▸ Task to complete
Repeat the data that follows exactly, starting at the line with "Fall Floral Navy Blue Wedding Place Card" and ending at the line with "Yellow Woven Silk Blend Saree Set - Indya", and leave out every picture.

▸ Records supplied
########

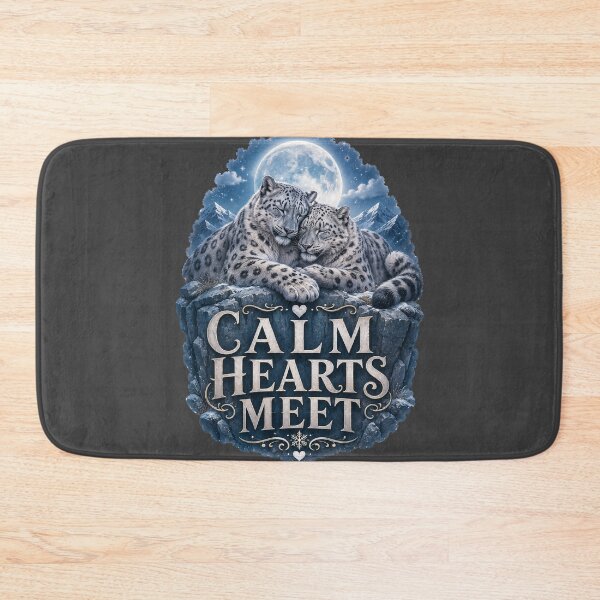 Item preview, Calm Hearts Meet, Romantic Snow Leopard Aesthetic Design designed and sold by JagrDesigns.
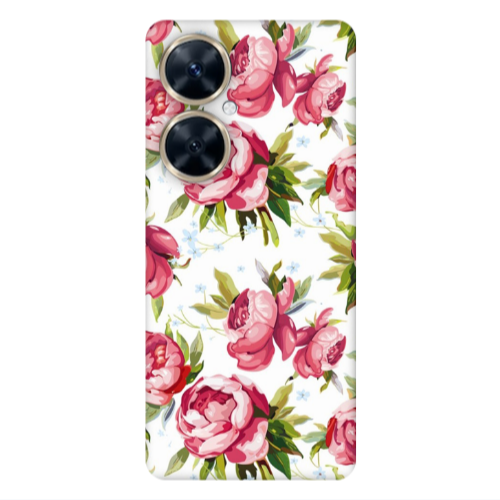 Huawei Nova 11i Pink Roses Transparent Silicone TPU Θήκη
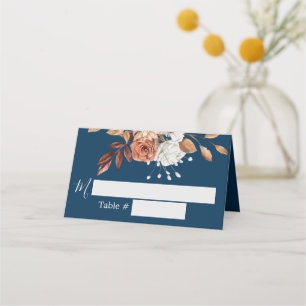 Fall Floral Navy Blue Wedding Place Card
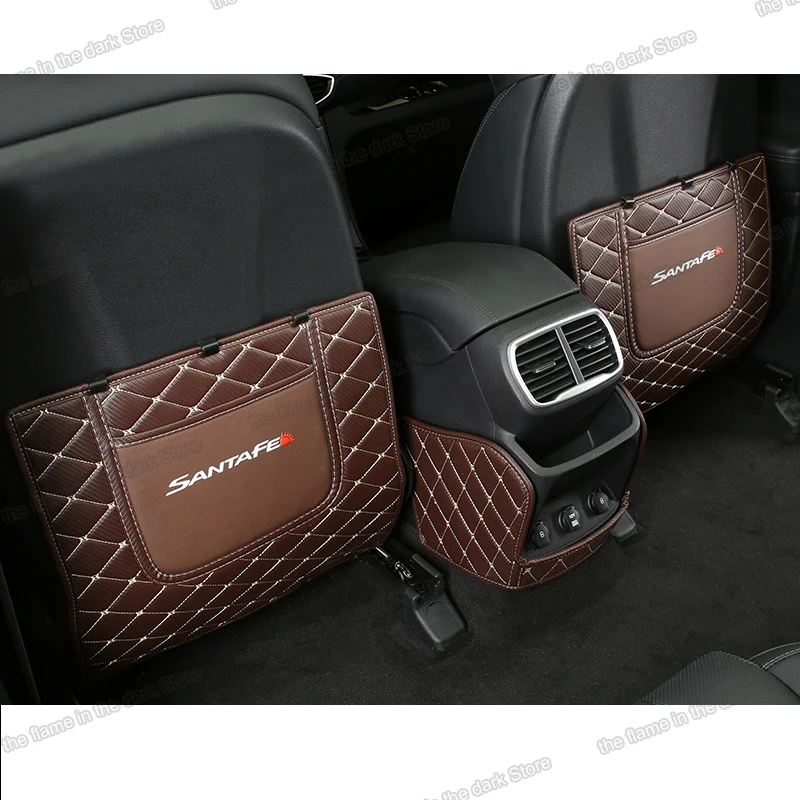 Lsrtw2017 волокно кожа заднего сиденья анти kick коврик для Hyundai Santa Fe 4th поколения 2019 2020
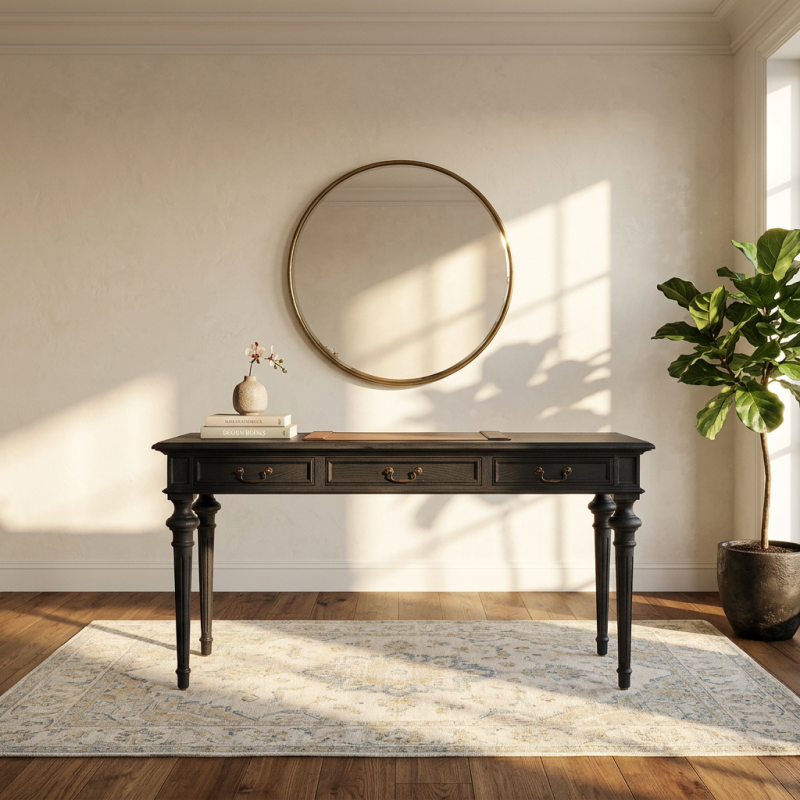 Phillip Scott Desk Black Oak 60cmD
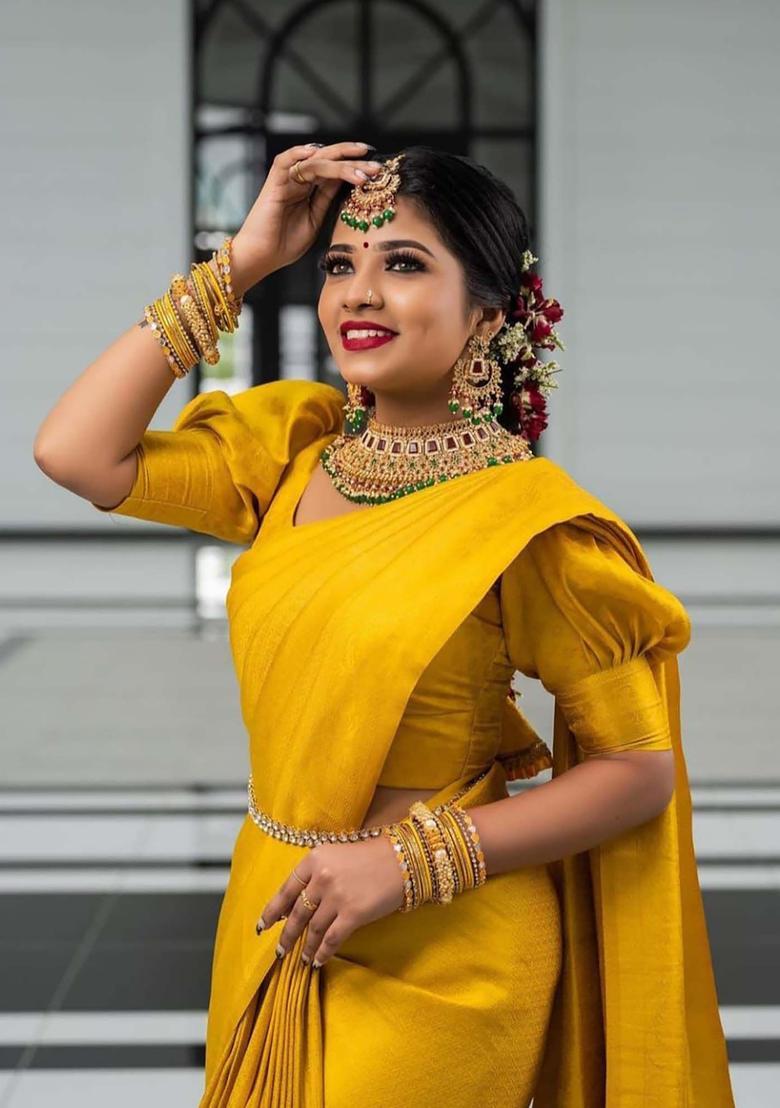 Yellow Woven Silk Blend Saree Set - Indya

########

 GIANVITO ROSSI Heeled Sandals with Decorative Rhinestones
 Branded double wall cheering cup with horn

########

▸ Finished task
 Fall Floral Navy Blue Wedding Place Card
 Lsrtw2017 волокно кожа заднего сиденья анти kick коврик для Hyundai Santa Fe 4th поколения 2019 2020
 Phillip Scott Desk Black Oak 60cmD
 Yellow Woven Silk Blend Saree Set - Indya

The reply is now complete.